Crawford was recognized today by Mayor Greg Fischer as the one thousandth person placed into a job by the center, a one-stop facility that provides training and resources to meet the rising demand for skilled workers in the Louisville region.
Crawford credits the training for preparing him well for his new job and for securing a slightly higher wage than he would have gotten without the course.
(Learn more about training at the Kentucky Manufacturing Career Center by calling (502) 276-9711, or at kentuckianaworks.org.)
The facility is located at 160 Rochester Dr., Building W, in the Airport Industrial Center in south Louisville.
The center, which opened in May 2013, also provides English as a Second Language classes, job fairs and other support for job seekers and employers. It’s operated by KentuckianaWorks, the Workforce Development Board for the Louisville area.
“Manufacturing is thriving in the Louisville region, and this center is vital in providing individuals the training and confidence they need to succeed – and connecting them with employers who need workers ready to hit the ground running, with the right skill set and motivation,” Mayor Fischer said.
The center’s career coaches help match job seekers with available manufacturing jobs and make sure they have the right training and skills for the work.
“As Louisville continues to serve as a shining example of the revitalization of our nation’s manufacturing sector, the Kentucky Manufacturing Career Center has been an important part of that success, providing hard-working Kentuckians with the tools and know-how they’ll need to thrive in the jobs of tomorrow,” said Congressman John Yarmuth. “I’m incredibly proud to be part of today’s announcement of the 1,000th job placement, and look forward to thousands more as the center continues its important work.”
Several training courses are offered at the center, including Certified Production Technician (CPT) training. Individuals who complete the four-week course often have a competitive advantage over job applicants who lack the training. A more intensive, two-week course is also available.
Since 2013, individuals have earned more than 3,000 training certificates and credentials at the center, including the CPT.
GE Appliances is among the more than 100 area companies who have hired individuals trained or referred by the center. The company has employed 45 people referred by the center since it opened in 2013.

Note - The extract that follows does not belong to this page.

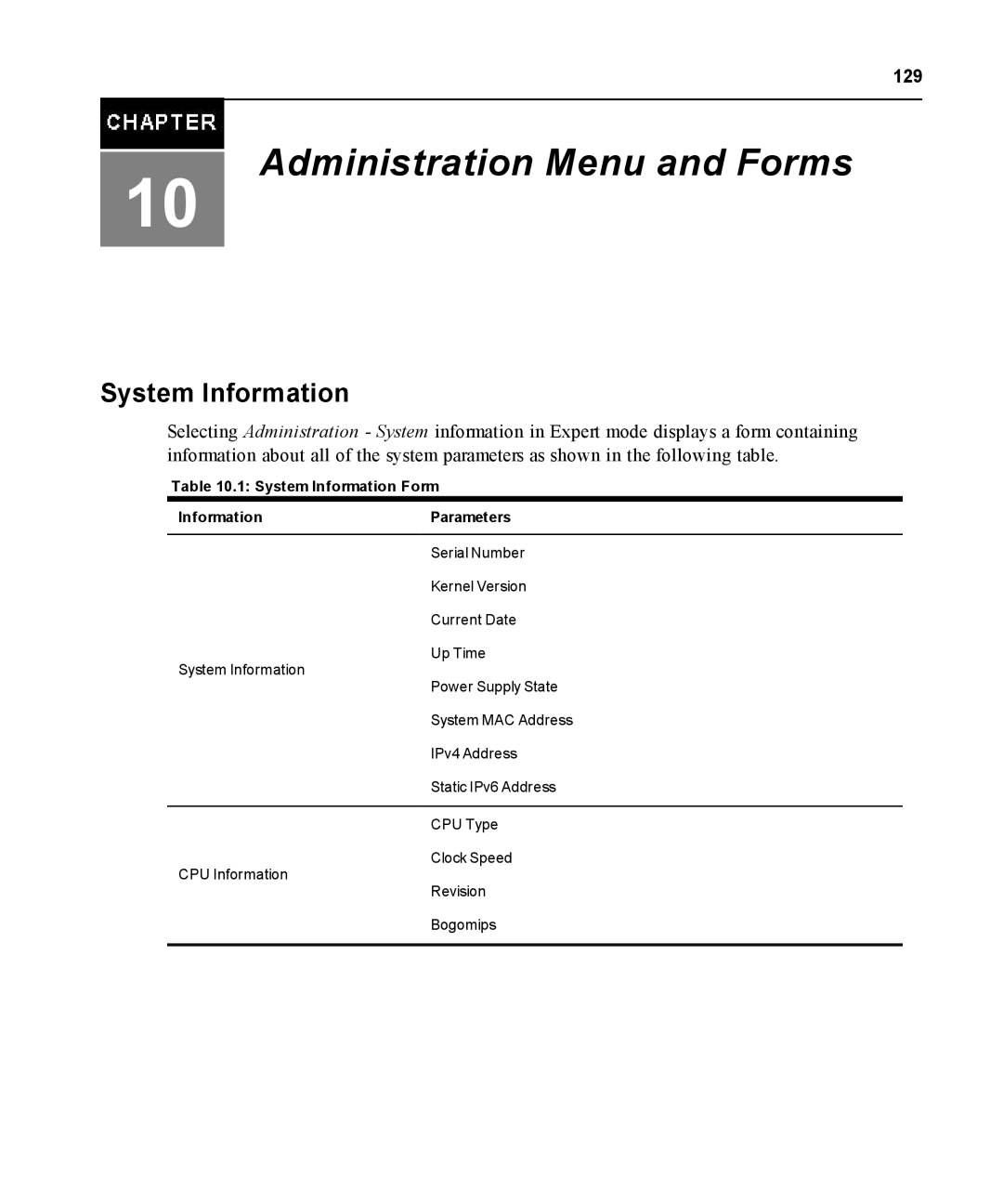 Avocent ACS 5000 manual 129, System Information Form InformationParameters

“As the labor market continues to be a challenge, training people for careers in manufacturing is critical for companies such as GE Appliances,” said Tom Quick, Vice President, Human Resources at GE Appliances. “We appreciate the partnership with the KMCC.”
In addition to referring workers, the center also offers employers a place to post job openings and to access basic manufacturing skills training for existing employees.

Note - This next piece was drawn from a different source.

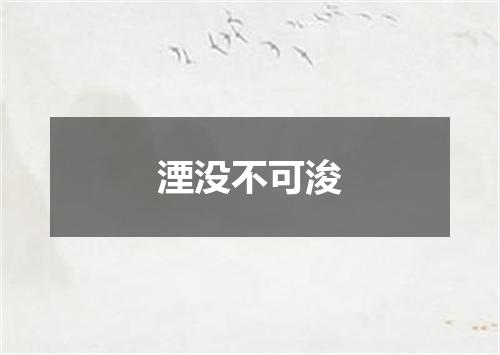 湮没不可浚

“We believe in the work of this industry-specific career center because it’s an effective way to help fulfill our mission of improving people’s lives through the dignity of work,” said Michael Gritton, executive director of KentuckianaWorks.

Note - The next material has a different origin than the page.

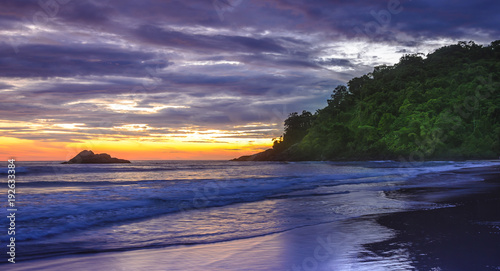 Night view of Juquehy Beach on the coast of the state of Sao Paulo , Brazil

Partners in the center are the Louisville Redevelopment Authority, Jefferson Community and Technical College, Jefferson County Public Schools – Adult Education and Career and Technical Education, Kentucky Department of Workforce Investment, Preeminent Training Specialists, ResCare Workforce Services and Vision of Hope Ministries, Inc.
The Kentucky Manufacturing Career Center is funded by a mix of local foundation grants and federal dollars. Start-up funding from the National Fund for Workforce Solutions in 2013 was matched by local groups including: Community Foundation of Louisville, Gheens Foundation, James Graham Brown Foundation, JPMorgan Chase Foundation, and PNC Foundation. Funding is also currently provided by the Louisville Redevelopment Authority. Additional annual funding comes from the U.S. Dept. of Labor, through the Workforce Innovation & Opportunity Act.